Welcome to the LDS Scouter Blog. We hope to provide you with valuable information, share useful resources and maybe even improve some attitudes and Ward Scouting programs. The recommended way to use this blog is to start with the post, "Why I started this blog." Then browse through the post titles in the archive (found in the sidebar) for topics of interest.

Sunday, May 20, 2012

Are people afraid?

When I attended my first Scout leader training, I remember looking at these "scout nerds" with a bazillion knots on their uniforms and an overt reverence for the program, and I thought, "These guys are nuts." I had no intention of ever becoming like that (or putting more than the minimum required into the calling, sorry to say).

Fast forward to only a few weeks ago. We had a day full of Scouting events, going from one to the next. I left the last one to attend a baby shower - it happened to be our committee chair/ward Primary presidency representative. I was so tired at that point, I didn't bother changing out of my uniform for the shower. Her comment was, "I wouldn't recognize you without it."

Ha ha. She sees me every Sunday in Primary, but I knew what she meant. I know I project that same "scout nerd" image to everyone I work with. I do it on purpose, because I want to set the bar as high as possible. That way when people only reach halfway, they are still reaching higher than they would otherwise.

I have found that in many cases, this works well. Often enthusiasm begets enthusiasm, and a few choice people end up reaching even higher than hoped. Some people, however, seem to dig their heels in and refuse to budge no matter what.

I have even seen/heard derogatory remarks referring to LDS Scouters that are "too into Scouting." Phrases like, "Irving Scouter," and, "church of Scouting," have been tossed around, in a not-so-admiring way. "I like Scouting, but not like that..."

It makes me wonder whether some people might be afraid that if they become too into Scouting, that will somehow degrade the rest of who they are. It almost seems as if becoming too involved in Scouting will make you less of a Church member or taking the training will have a negative effect on your testimony.

I am sure this is related to the idea that the Church is "out-sourcing" its activity program for young men and that Scouting is not really a Church program.

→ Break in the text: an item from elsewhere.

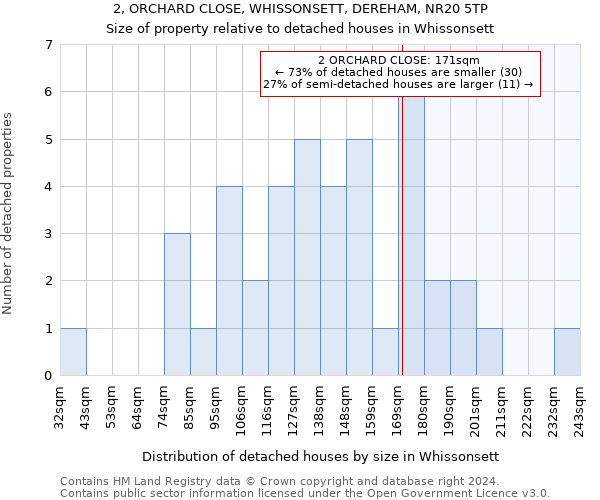 2, ORCHARD CLOSE, WHISSONSETT, DEREHAM, NR20 5TP: Size of property relative to detached houses in Whissonsett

What do you think? Have you ever noticed this attitude? Is there any way to lovingly convince people that you can love Scouting and the gospel both (aside from pointing to President Monson), that the two go hand-in-hand, and that Scouting is all about building testimonies?

(I understand this may be a sore subject for some readers. I hope we can have an open and thoughtful discussion.)

7 comments:

Eric the Half-bee said...

I have learned that if one takes a Scouting calling seriously enough to study it out in your mind so you can do it right, and then have the gall to say others should aspire to a similar level of magnification, one is "unbalanced".

Josh Dart said...

Eric - your comment doesn't make sense to me. Could you clarify?

I do think many LDS members take their Scouting calling lightly. However, I have met many who have decided to magnify their calling as well and watch it flourish.

Evenspor said...

I think he's just being a little sarcastic. He is saying that it feels like that's how other people sometimes view Scouters who magnify their callings.

(I had to laugh, Eric. You summed it up well.)

Fishgutts said...

I am often told "I didn't recognize you out of your uniform." I take this as a compliment especially when I get phone call after phone call from all over the Stake asking me questions and for clarification. I am sure some do think I am over the top on my calling and that is fine. In the end, my dedication to my calling for the Lord is between he and I.

I am a Scouter whether I am in uniform or not. Whether I have a Scout calling or not, I am a Scout. Anyone that doesn't recognize how inspired the Scouting program is and why the Church uses it, needs to stand clear of the program because I don't want them messing with it.

Evenspor said...

Nice thoughts. Thanks!

Unknown said...

They fear that of they get "branded" as a Scouter, they won't do anything else. They can't hold a "real" calling such as Bishop or Stake President. I have had some men express that to me. I am a Scouter, and very exited to be one. If that disqualifies me for other callings, I guess those who make that decision will have to justify it to a higher authority.

Evenspor said...

That is very interesting insight. Thanks for sharing.

From the things I have read, Scouting is one of the most important callings you can have. It may be in many cases that really good Scouters are kept there, rather than put in other callings, because the combination of talents they have (working with the youth, strong testimonies, organization, etc) is so rare that they are where they are needed most. President Dahlquist said, "Unless the Spirit shouts, I have found it a good rule of thumb to leave Young Men leaders in their calling for a sufficient length of time to be trained, to apply what they have learned, and to make a difference in the lives of the young men they serve."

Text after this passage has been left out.